Drink and be merry: Licensing conditions over the festive period
The festive season will soon be upon us and now is the time to make sure that your licence covers you for holiday plans.
It is surprising how many clients are not aware of what their licence permits them to do. Most licences contain an extension for all licensable activities on New Year’s Eve allowing licensees to trade through to the commencement of normal activities on New Year’s Day. However not all do and therefore it is worth checking. After all you do not want to discover this on New Year’s Eve.
If you want to apply for an extension of the normal permitted hours contained within your licence then a temporary event notice (TEN)* can be sought. If you apply for a standard TEN, ten clear working days’ notice will need to be given. Any objections will be raised at a sub committee meeting heard by the Licensing Authority.
If you apply for a late TEN then only five clear working days’ notice are needed. However, if either the police or environmental health object to the application then the TEN will automatically be refused. Therefore, if you think that your application may be controversial it would be sensible to apply in good time for a standard TEN and be prepared to counter any objections. It is always worth speaking to the police and environmental health before submitting any applications to obtain their views.
*A TEN can last for up to 168 hours (7 days) and the premises can benefit from up to 21 TEN’s per calendar year.
The revised conditions for dealing with drinks promotions took effect on 1 October 2014. A drinks promotion is now deemed to be irresponsible only if carried on in a manner which carries a significant risk of undermining one of the licensing objectives. Namely:
• prevention of crime and disorder
• public safety
• prevention of public nuisance
• protection of children from harm.
It is now commonly known that it is illegal to dispense alcohol directly into a person’s mouth.

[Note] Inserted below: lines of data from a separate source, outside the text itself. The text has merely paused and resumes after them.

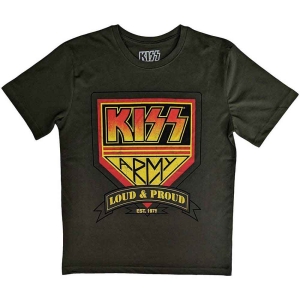 Kiss - Loud & Proud Uni Military Green i gruppen MERCHANDISE / T-shirt / Metal hos Bengans Skivbutik AB (5544852r)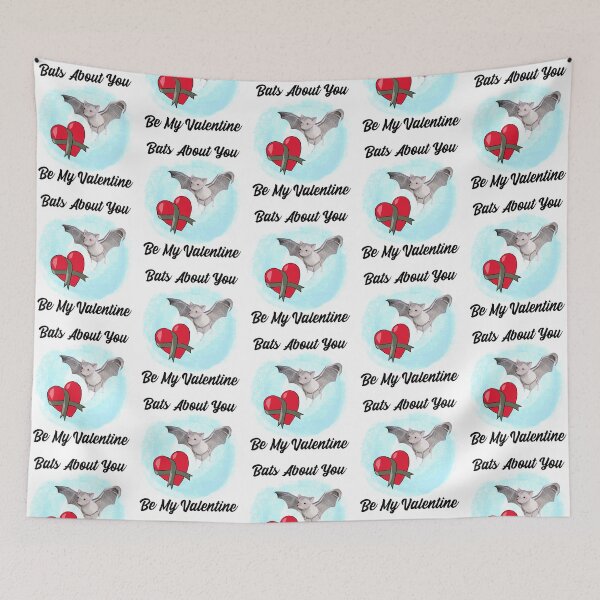 Item preview, BATS ABOUT YOU, ROMANTIC MEME, BATTY, VALENTINE MEME, designed and sold by R B Chrystal.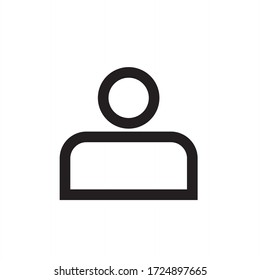 user icon vector sign simbol illustration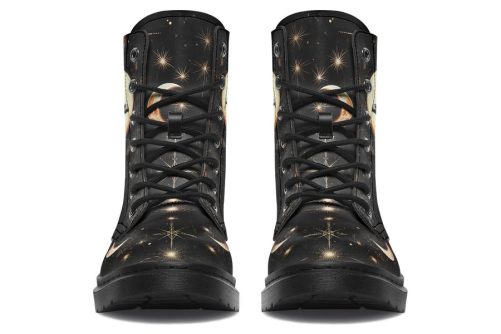 Oracle Raven Boots   Vegan Leather Doc Style Boots with Durable Stitched on Soles 2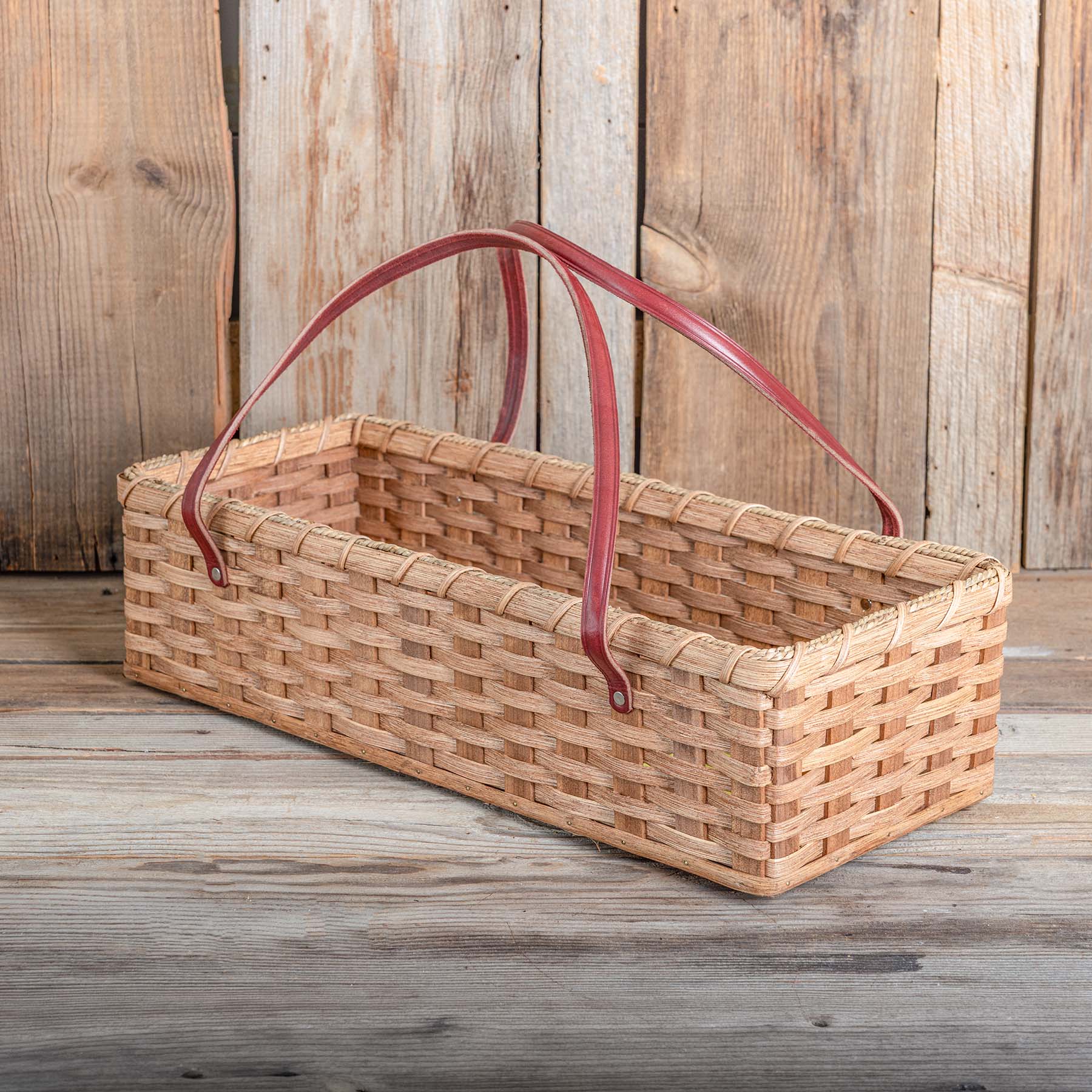 SALE! 24" x 10" x 6" Tall  Rectangle Basket w/Long Carry Straps & Feet
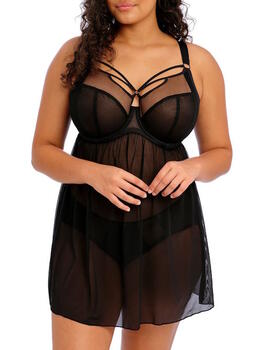 Elomi Sachi Zwart Babydoll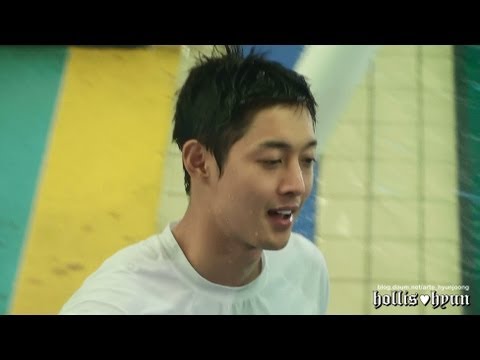 130711 Kim Hyun Joong 김현중 - 3m Spring Board Diving@Barefoot Friends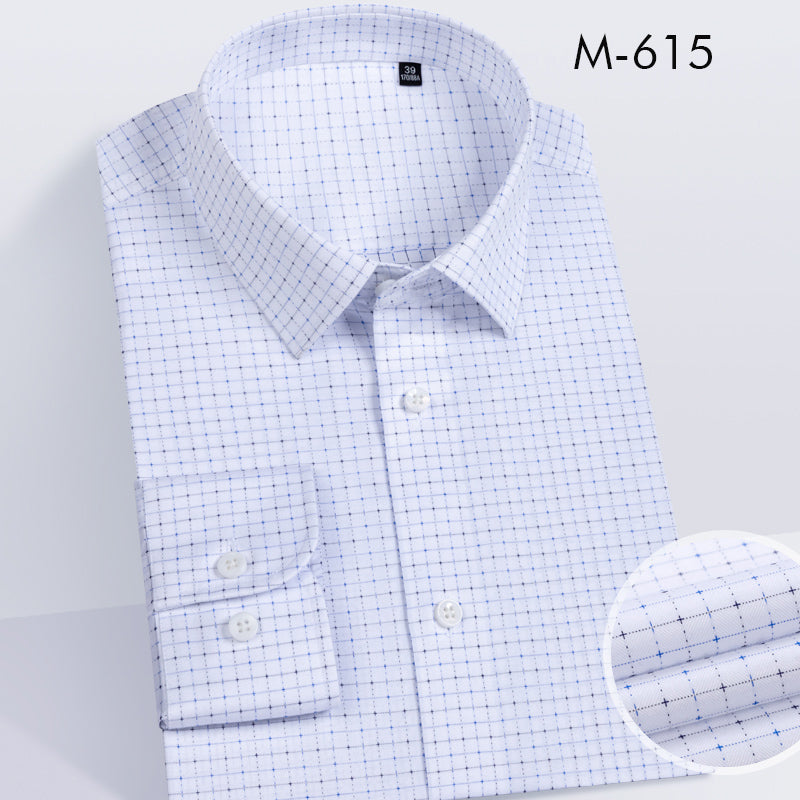 100% cotton DP non-iron men short-sleeve shirt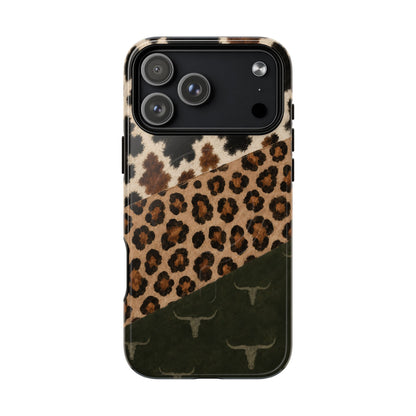 Leopard Longhorn Magnetic Case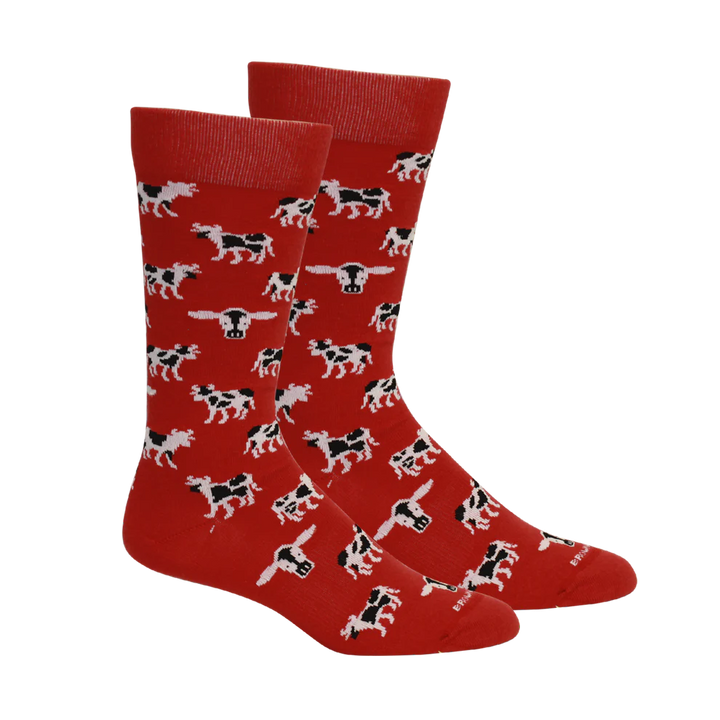Brown Dog Sock Co. - Socks Mabel Cow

Also outlawed are:
- games or activities which encourage people to drink a quantity of alcohol within a certain time limit (excludes drinking up time) or to drink as much alcohol as possible
- selling alcohol in association with any posters/flyers in the vicinity of the premises which can reasonably be considered to condone, encourage or glamorise anti-social behaviour, or the effects of drunkenness, in a favourable manner.
However, drinks promotions which are commonly run which discount alcohol on a given night of the week will only be deemed to be irresponsible if carried out in a manner which carries a significant risk of undermining the licensing objectives.
We wish everyone a very merry Christmas and urge all those out socialising over the festive season to do so in a safe and responsible manner.